Della Lega il «cofondatore» ha poi stigmatizzato l’atteggiamento sulle celebrazioni dell’Unità d’Italia, facendo emergere le preoccupazioni per la coesione nazionale di un Paese sempre più polarizzato tra macroaree regionali e per la tenuta dell’insediamento elettorale del Pdl nel Mezzogiorno. Un partito che perde voti a Nord, ma rischia anche a Sud dove, per contrastare il crescente peso politico della Lega, si organizzano forze autonomiste preoccupate della deriva leghista della maggioranza. Una polarizzazione che, secondo Fini, rischia di togliere al Pdl il ruolo di partito nazionale. Timori che, non a caso, la Lega ha subito bollato come l’uscita allo scoperto del «partito del Sud».

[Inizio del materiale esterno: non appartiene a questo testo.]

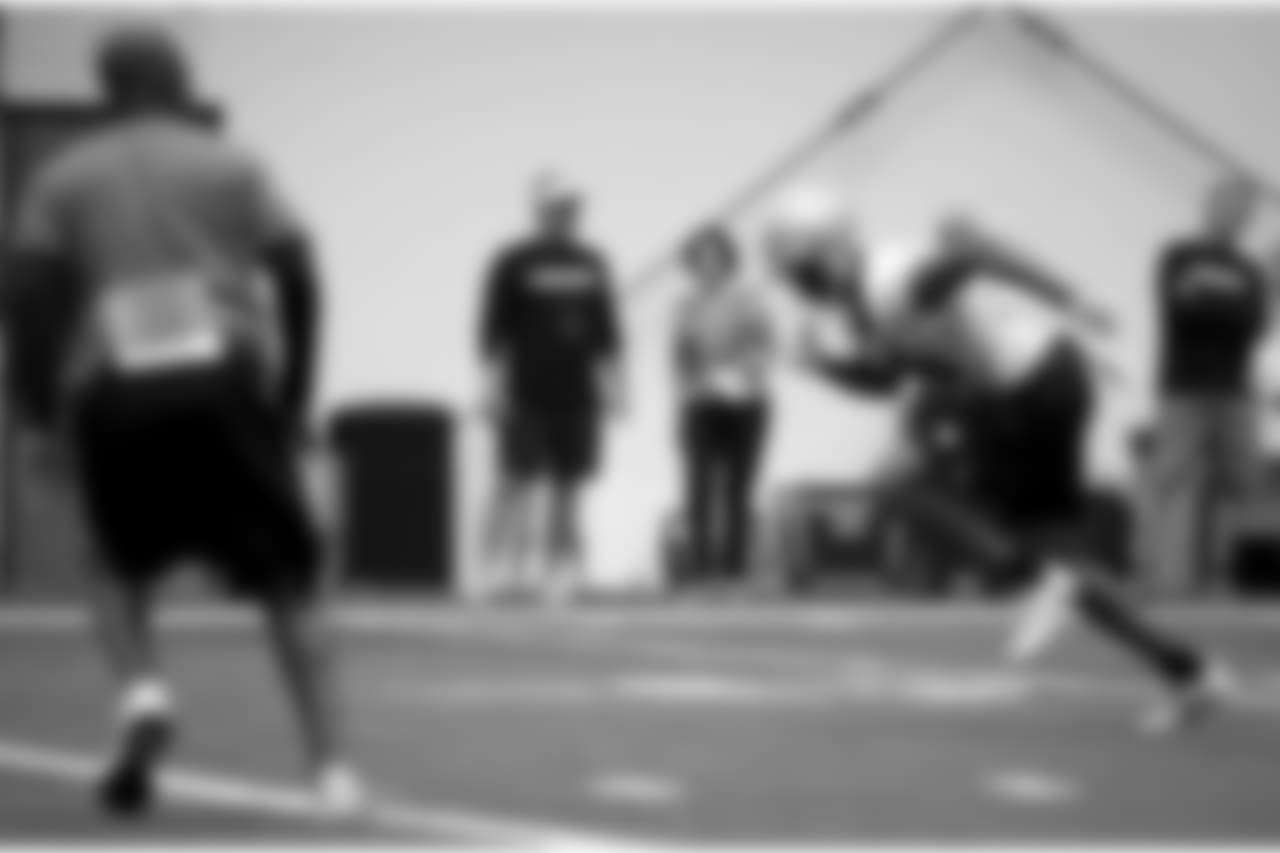 Gallery-OTAs-2560-1440-053118_0518
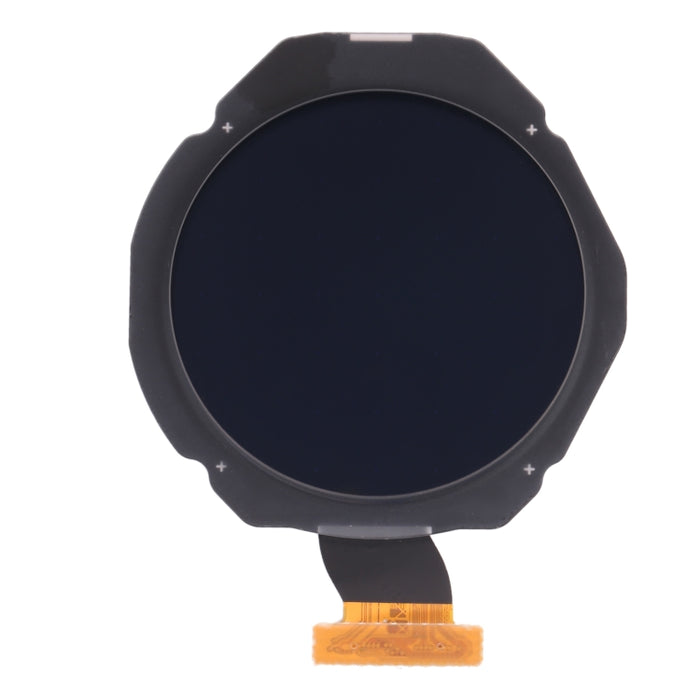 Pantalla LCD y digitalizador de montaje completo para Samsung Galaxy Watch 42 mm SM-R810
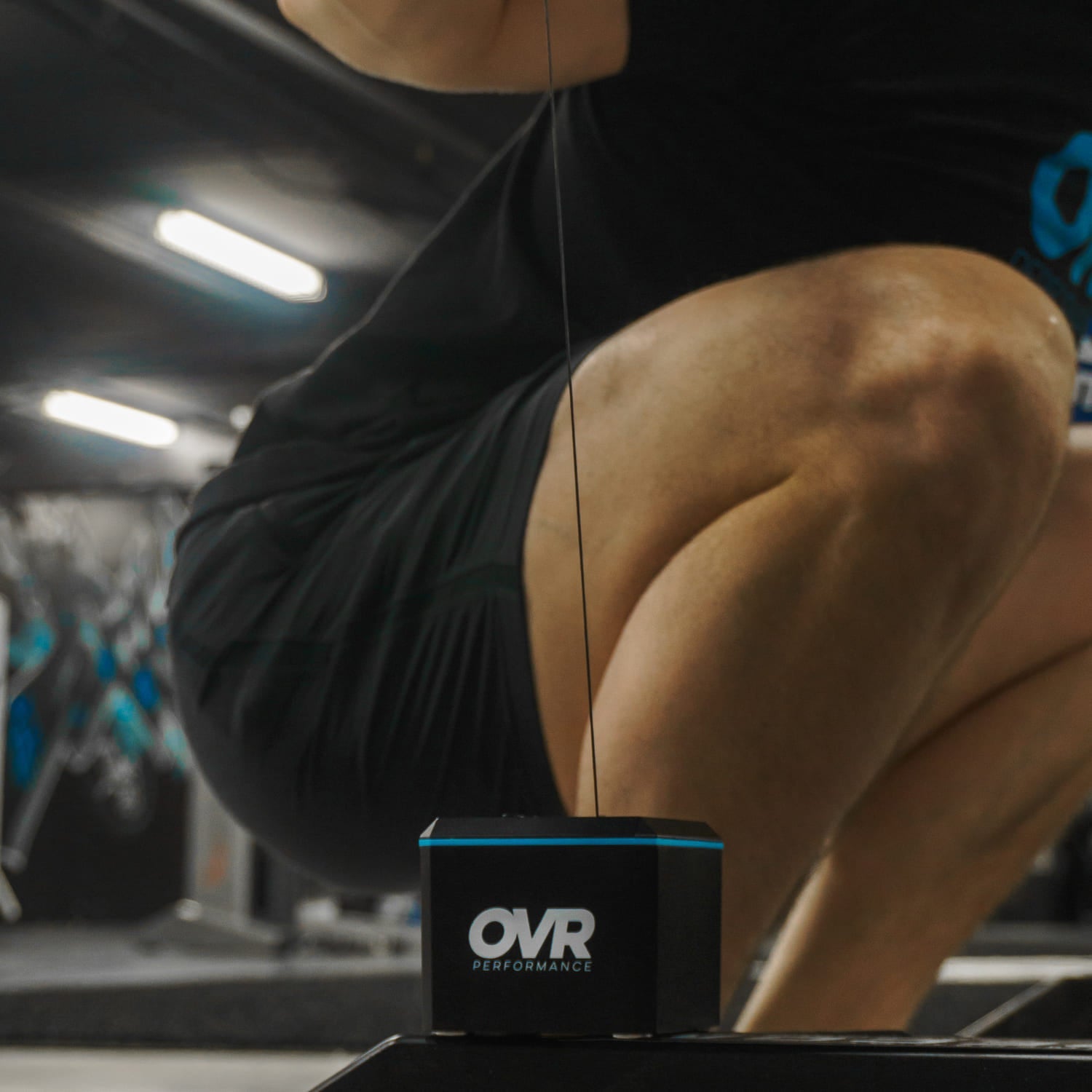 Velocity-Based vs. Percentage-Based Training
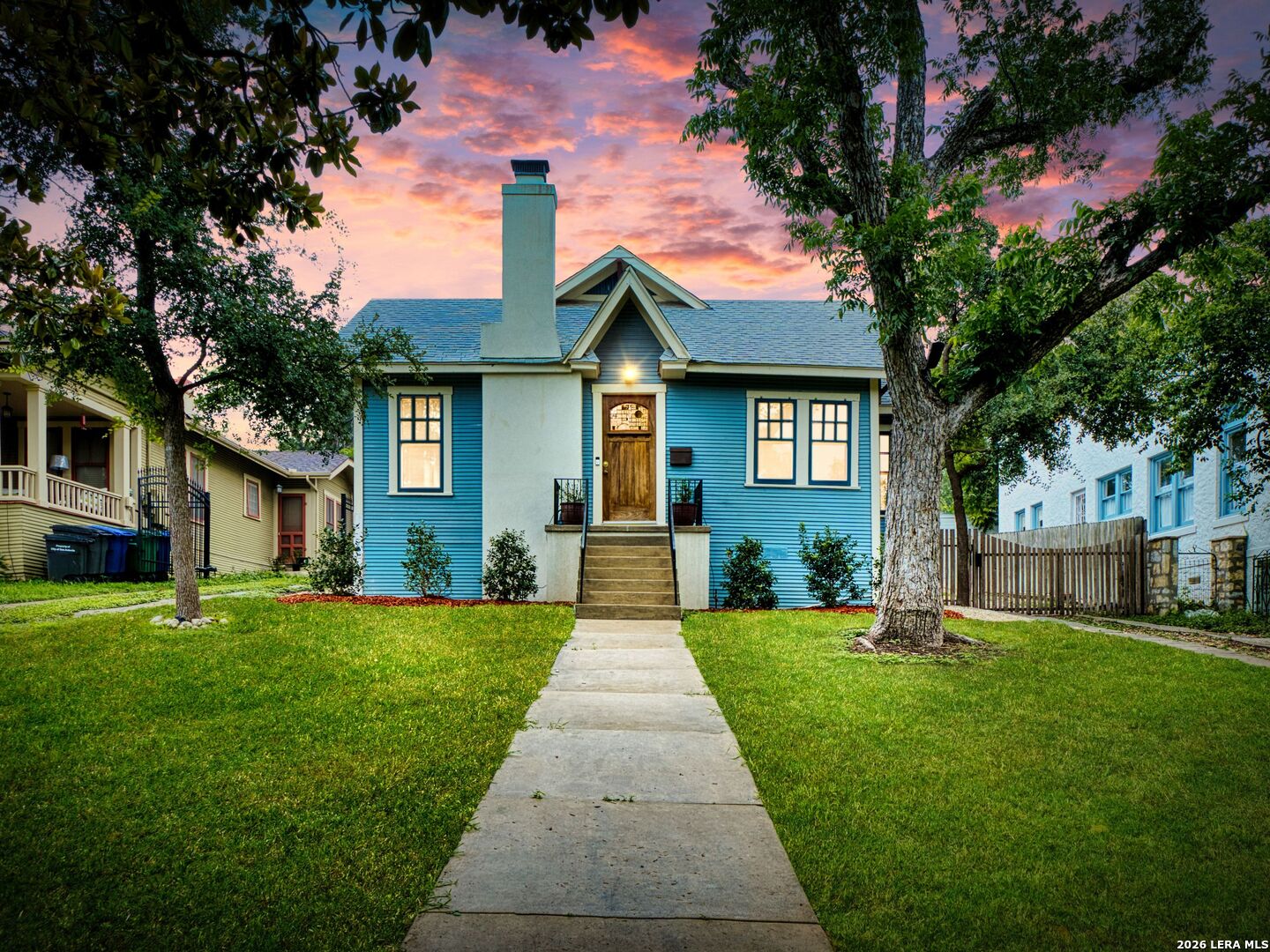 126 Princess Pass San Antonio TX 78212
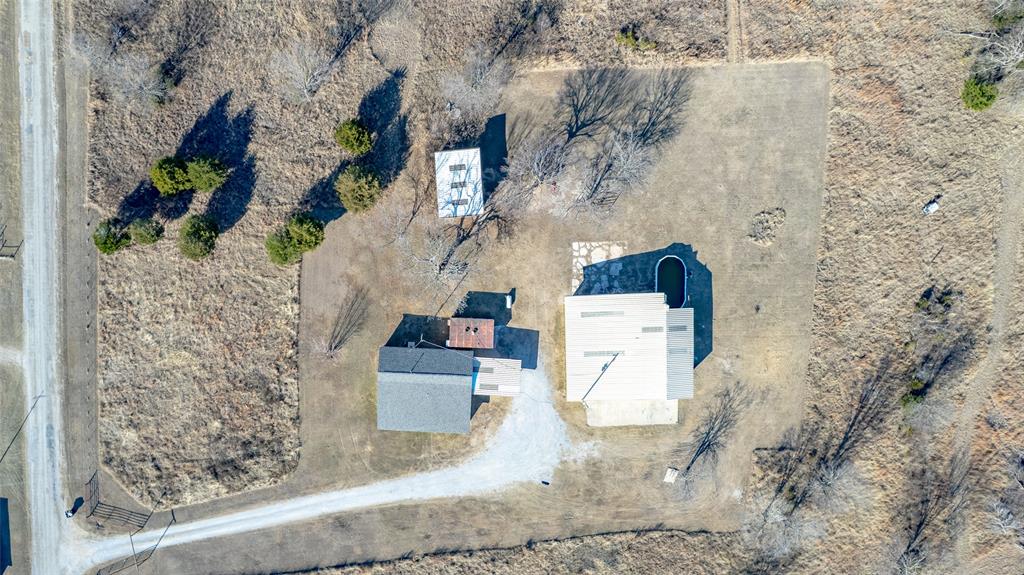 23283 N County 3310 Road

Insomma, questioni politiche rilevanti, quelle poste da Fini, che solo la «sindrome del tradimento» diffusa in un partito personale, nel quale ogni dissenso è considerato un’aggressione alla leadership, possono impedire di affrontare come tali. Riflesso automatico in un Pdl illuso da un successo elettorale che, in realtà come il Veneto, appartiene alla Lega.


Non stupisce, dunque, che Berlusconi abbia detto di essere sorpreso dalle posizioni di Fini: come se il presidente della Camera non le riproponesse, puntualmente e pubblicamente, almeno dall’autunno del 2008; come se fossero riducibili a capricci intellettuali sobillati dai «guastatori» di Farefuturo, puntualmente incorsi nelle ire del fedele Bondi. Uno stupore che aveva come unico intento quello di delegittimare Fini e costringerlo a rientrare, umiliato, nei ranghi, oppure ad andarsene. Obiettivo, quest’ultimo, esplicitato nella stizzita replica in cui il Cavaliere lo ha «invitato» a dimettersi da presidente della Camera qualora intenda continuare a «fare politica». Attacco durissimo, che a l’ennesima crepa tra i due, cui Fini ha replicato con un significativo: «E che fai, mi cacci?». Parole che rivelano la non accettazione di una concezione proprietaria delle istituzioni, ma anche la convinzione di godere di una trasversale rete di sostegno alla Camera, foriera di qualche futuribile sbocco politico.


Fini non è intenzionato a lasciare né il Pdl né lo scranno più alto di Montecitorio. L’esito più temuto da Berlusconi, che sospetta possibili intese parlamentari della neonata corrente con l’opposizione, su temi «sensibili» come la giustizia o che possono incrinare il solido rapporto con la Lega. Una guerra di logoramento che il Cavaliere non intende sopportare. Lo scontro finale con quanti non sono mai stati convinti dalla piega presa dalla «rivoluzione del predellino», e non si sono fatti incantare dalle gratificanti sirene del berlusconismo, pare solo rinviato.